Caso algo do tipo aconteça, o regime iraniano, eventualmente, poderia se ver encurralado a tomar medidas drásticas, como o bloqueio completo da navegação pelo Estreito de Ormuz, o que causaria enorme impacto ao comércio global. Nos últimos anos, países como Arábia Saudita e Emirados Árabes Unidos aumentaram o transporte por meio de oleodutos. Mesmo assim, desvios pontuais do fluxo convencional do petróleo não seriam suficientes para evitar uma grave desorganização da cadeia.
Segundo um relatório da seguradora holandesa ING, uma interrupção significativa nesses fluxos “seria suficiente para elevar os preços para US$ 120 o barril”. “Se isso persistir até o fim do ano, poderemos ver o [petróleo do tipo] brent atingir novas máximas, acima do recorde de quase US$ 150 em 2018”, diz o documento.

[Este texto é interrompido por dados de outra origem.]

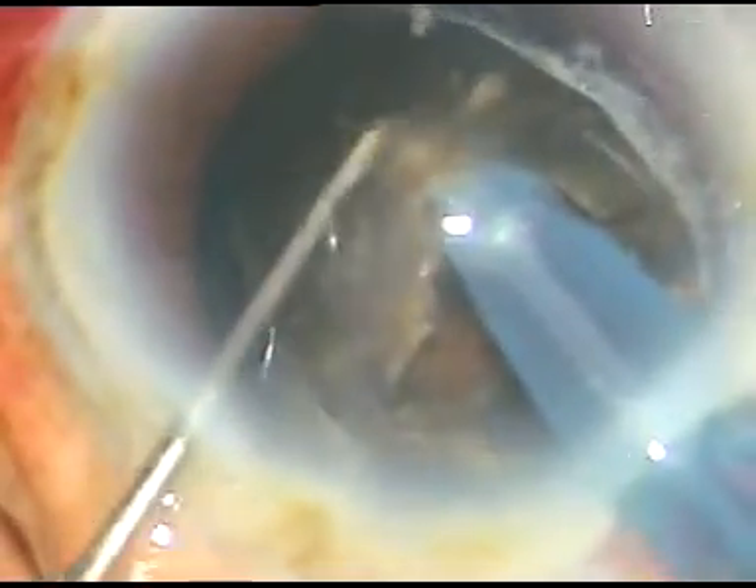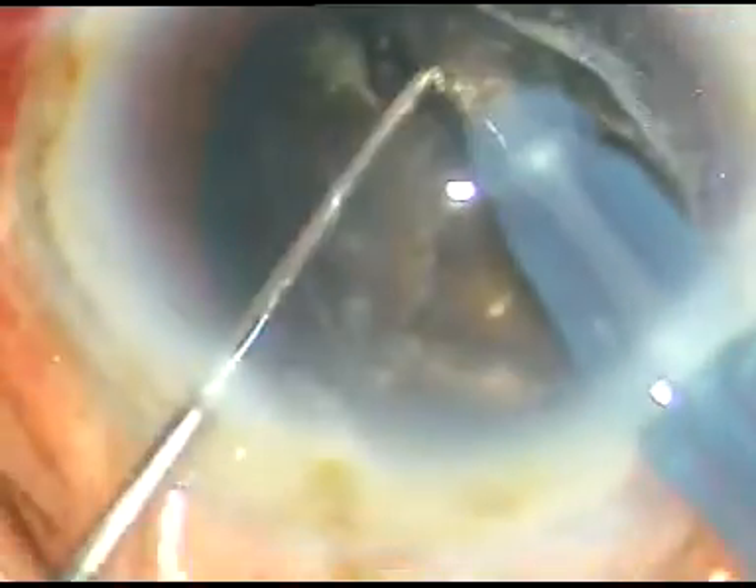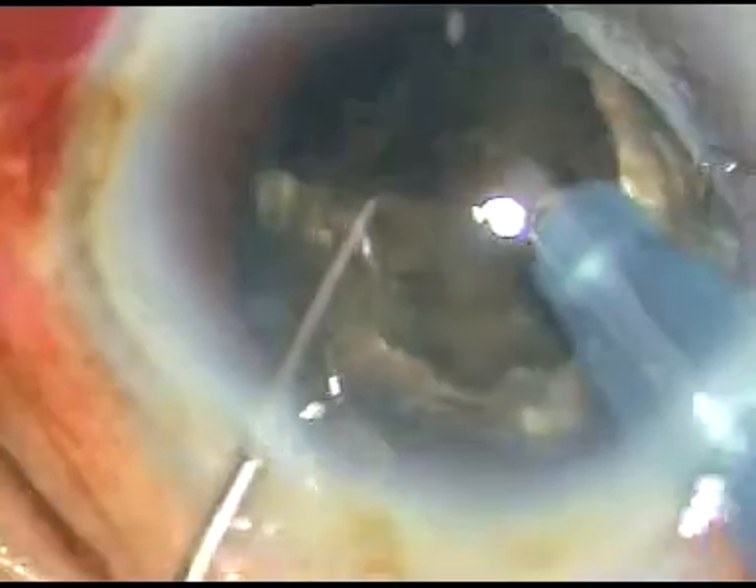Once it divides into two big parts like this, the cataract is almost conquered. Now we must attack from the apex of this very hard nucleus because these triangular fragments are quite large. If we don't attack from the apex, this sharp apex can hit the posterior capsule and can cause rupture of the posterior capsule.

Desde meados da semana passada, antes mesmo dos ataques israelenses a Teerã, um número cada vez maior de embarcações tem evitado o Mar Vermelho e o Golfo Pérsico. A autoridade marítima do Reino Unido (UKMTO) emitiu uma série de alertas a respeito do “aumento das tensões na região, o que pode levar a uma escalada da atividade militar, com impacto direto sobre os marinheiros”. Segundo o órgão, “os navios são aconselhados a cruzar o Golfo Pérsico, o Golfo de Omã e o Estreito de Ormuz com cautela”.
Impacto no Brasil
Se aumenta a cotação internacional do petróleo, é razoável supor que a guerra entre Israel e Irã também tem potencial de afetar os preços da gasolina no Brasil. Segundo Jeff Patzlaff, caso os preços globais da commodity permaneçam elevados no médio prazo, os consumidores brasileiros podem sofrer no bolso.
“Isso encarece combustíveis e gera pressão inflacionária adicional, afetando margens de empresas dependentes de combustíveis ou commodities importadas, além de gerar pressão sobre inflação e juros. E, com a inflação já alta no país e a Selic [taxa básica de juros] elevada, o choque inflacionário externo dificulta qualquer alívio monetário no curto prazo, o que prejudica setores sensíveis ao crédito e à demanda doméstica”, avalia.
Em maio, segundo dados divulgados pelo Instituto Brasileiro de Geografia e Estatística (IBGE), o Índice Nacional de Preços ao Consumidor Amplo (IPCA), que mede a inflação oficial do país, ficou em 0,26%, desacelerando em relação a abril (0,43%). No período de 12 meses até maio, o indicador ficou em 5,32%, acima do teto da meta (4,5%).
No início de junho, a Petrobras anunciou uma redução de 5,6% no preço da gasolina vendida às distribuidoras. Assim, desde o último dia 3, o valor de venda do combustível da Petrobras para as distribuidoras passou a ser, em média, de R$ 2,85 por litro, uma redução de R$ 0,17 por litro.
Considerando a mistura obrigatória de 27% de etanol anidro e 73% de gasolina A para composição da gasolina C vendida nos postos, a parcela da Petrobras no preço ao consumidor passou a ser de R$ 2,08/litro, uma redução de R$ 0,12 a cada litro de gasolina C. O valor vendido para as distribuidoras é um dos itens que integram o preço final dos combustíveis que os consumidores compram nos postos.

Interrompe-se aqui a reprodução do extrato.